Phenome-Wide Association Study of Y Chromosome Genetic Markers
Faculty Mentor: Mary Davis, Microbiology and Molecular Biology
The purpose of this project was to analyze genetic variants on the Y chromosome for
significant association with various diseases. In Dr. Mary Davis’ lab we gained access to
a unique data set that allows us to analyze many single-nucleotide polymorphisms
(SNPs) on the Y chromosome. This was a hypothesis-generating study that has the
potential to revolutionize the currently accepted hypothesis that genetic variants on the
Y chromosome do not play a significant role in common disease.
The Y chromosome is a special case because it is passed down patrilineally. Recent
studies have shown that certain medical conditions, such as cardiovascular disease, are
influenced by the specific Y chromosome that a man carries. One study conducted in
2012 found a strong association between coronary heart disease and a specific Y
chromosome that is found most commonly in men of Scandinavian origin.
In this study, we were able to look at hundreds of different diseases and their
association with the Y chromosome. We did this through an analysis called a Phenomewide
association study (PheWAS), which uses simple Chi-squared statistics on a large
scale to identify medical conditions extracted from electronic health records that are
associated with specific Y-chromosome variations.
There were three stages to this project. The first stage was a proof of concept. Using a
limited sample size of 677 individuals and 439 Y chromosome SNPs, we aimed to
perform a PheWAS. This analysis was done using the R programming language and a
statistical genetics package actually called PheWAS, which was produced by Vanderbilt
The second part of this study was a concerted effort on behalf of our entire lab. We
were asked to participate in the YGen Consortium, which is a large international
consortium of scientists who are investigating the role of the Y chromosome in
influencing human traits such as BMI, height, waist circumference, birth weight, white
blood cell counts, etc. We gained access to a large data set through Vanderbilt
University that contained 14,176 DNA samples with 69 SNPs for each individual. My
role in this group effort was to parse and prepare the Y chromosome data to be
analyzed by the statistical software that was provided by the consortium.

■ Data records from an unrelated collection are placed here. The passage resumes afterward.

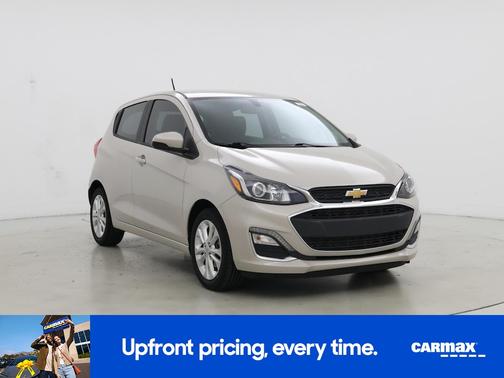 2021 Chevrolet Spark LT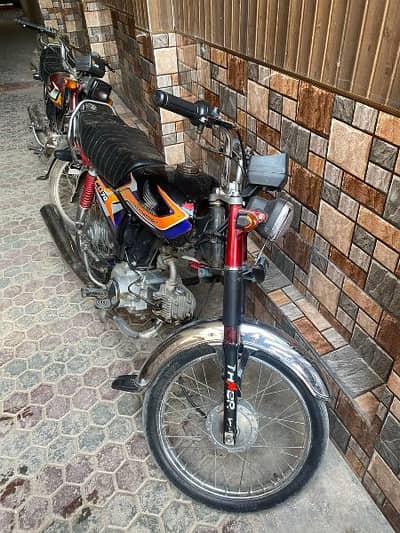 United bike Jeniun condition orignal picx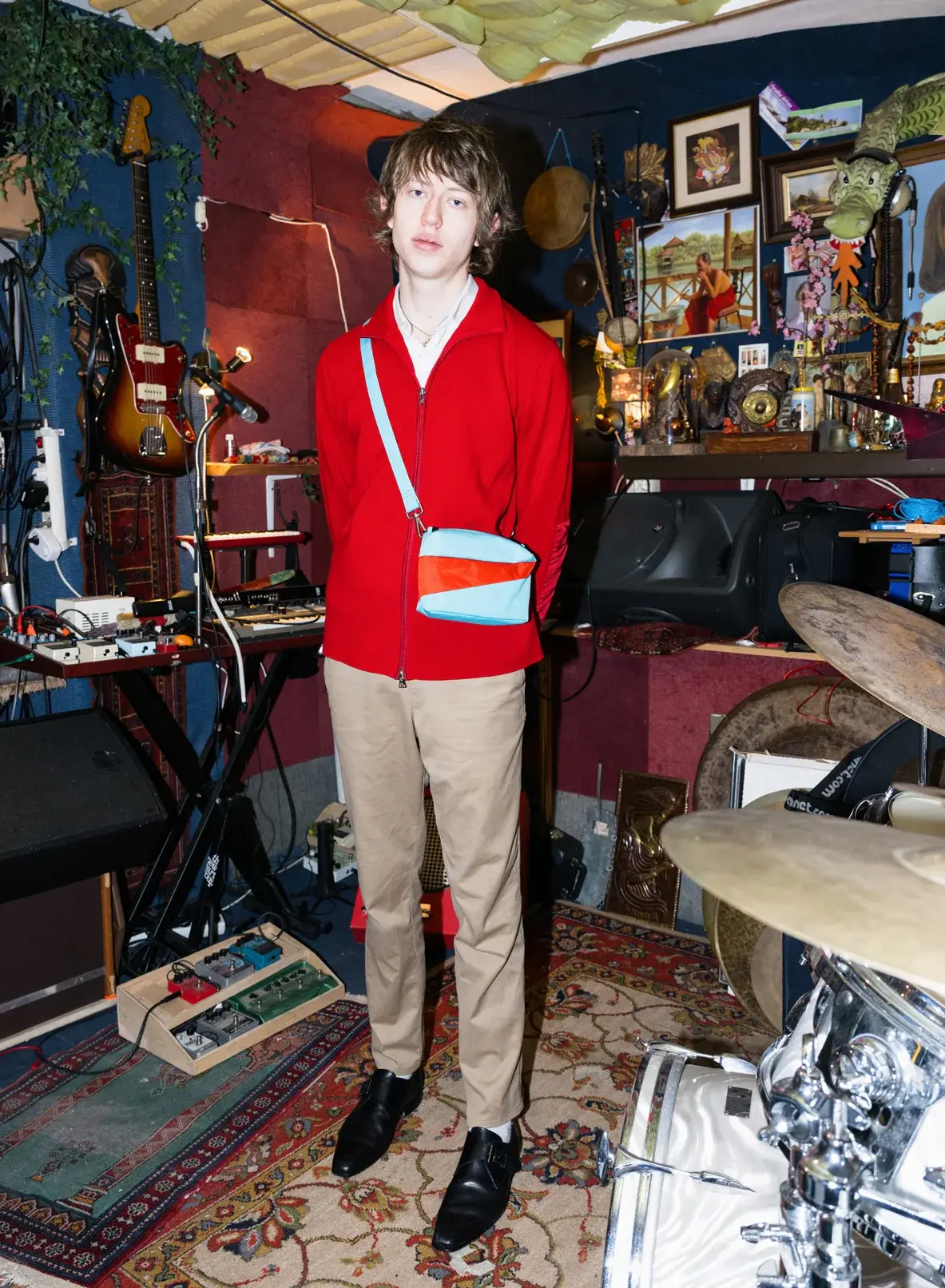 Susan Bijl Susan Bijl The New Bum Bag Drive & Red Alert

The third part of this study included our own independent statistical analysis of
The third part of this study included our own independent statistical analysis of the large
YGen sample, and possible association with hundreds of diseases found in electronic
health records. Our goal was to expand the YGen study of a few dozen traits to all
diseases found in a vast electronic health record database. We are still in the early
stages of this analysis, and we aim to collaborate with other institutions to provide
convincing evidence for associations between the Y chromosome and disease.
In the first stage of this study, the proof of concept stage, we were not able to find any
significant results. When testing so many hypotheses simultaneously, we had to be
more stringent in terms of what we accept to be a positive result, and no results passed
this high level of stringency. This was, however, an important first step on our path to
future discovery that prepared us for the subsequent analyses.

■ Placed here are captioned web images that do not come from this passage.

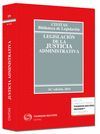 LEGISLACIÓN DE LA JUSTICIA ADMINISTRATIVA 2014. LIBRO + EBOOK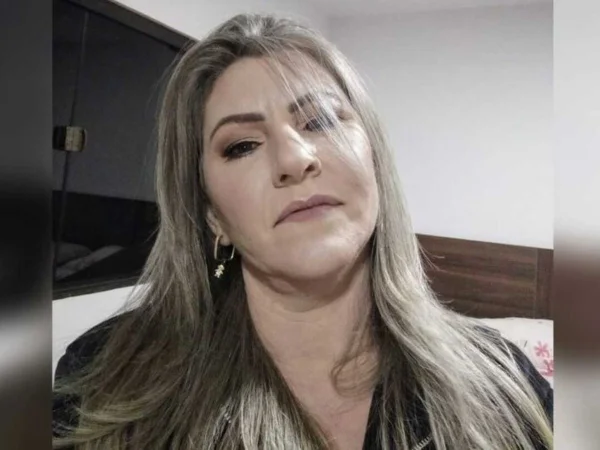 Foto colorida de Marlene Salete Mees, feminicídio no MS - Metrópoles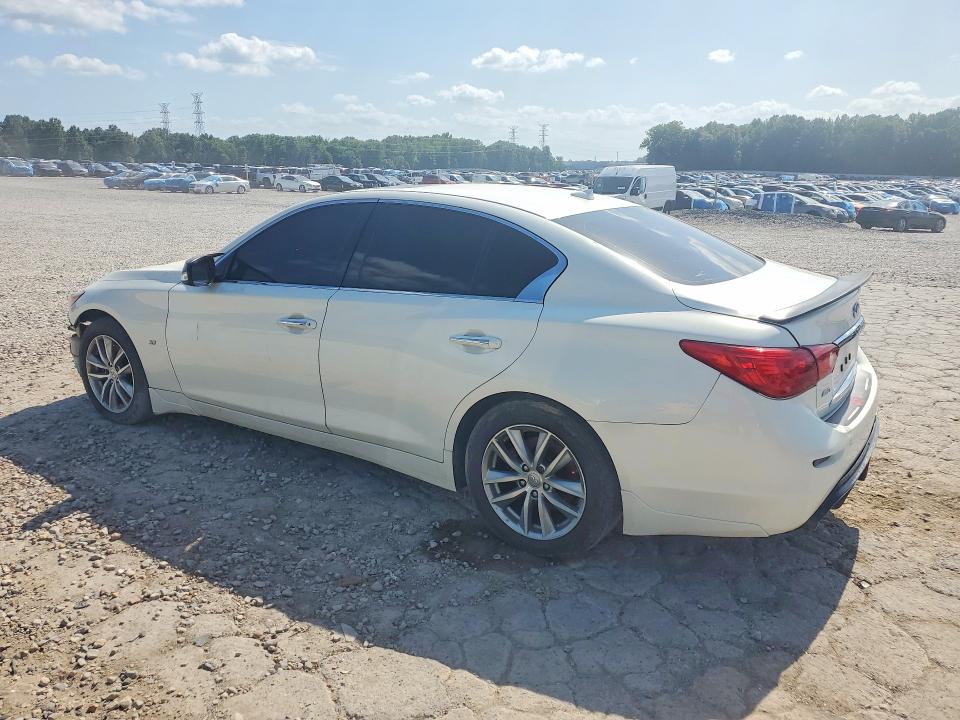 Aukcja sprzedaży 2015 Infiniti Q50, vin: JN1BV7AR2FM395366, numer aukcji: 85605555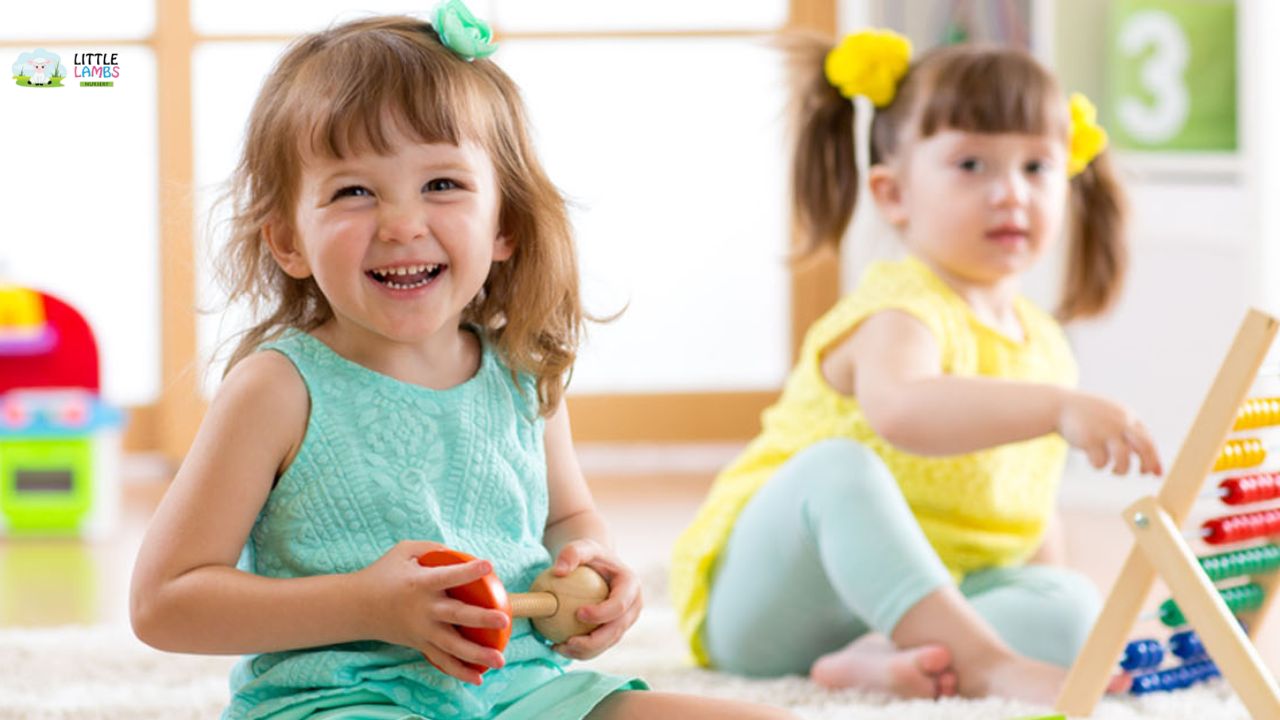 Nursery in Al Nahda Dubai: Choosing the Best Start for Your Child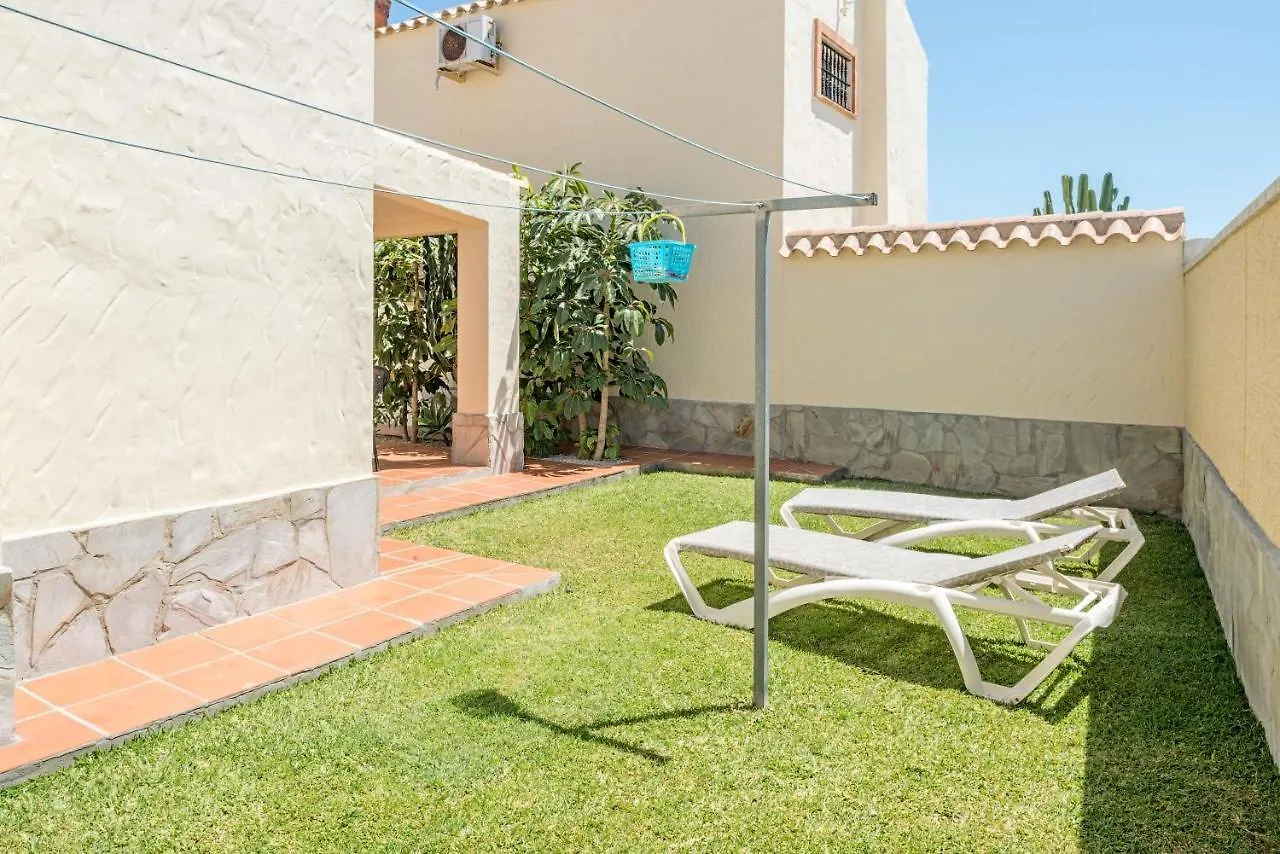 Bungalows La Aceitera - Casa 2 Zahora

In the second stage of our study, the YGen Consortium study, we were able to prepare
and analyze the data so that we could meet the deadlines imposed by the consortium.
Our initial results indicate that a decreased height is strongly associated (p-value =
0.000286) with Y chromosome haplogroup Q1b-S289, which is spread throughout
Europe, Central Asia, and South Asia. A second SNP is associated with an increased
height (p-value = 0.000949) and occurs in Y chromosome haplogroup R1b-S263, which
is found primarily in men of western European origin. Our results will be compared to
the results of several other groups in an attempt to cross-validate the findings. We
anticipate that this will result in strong publication in a high-impact journal.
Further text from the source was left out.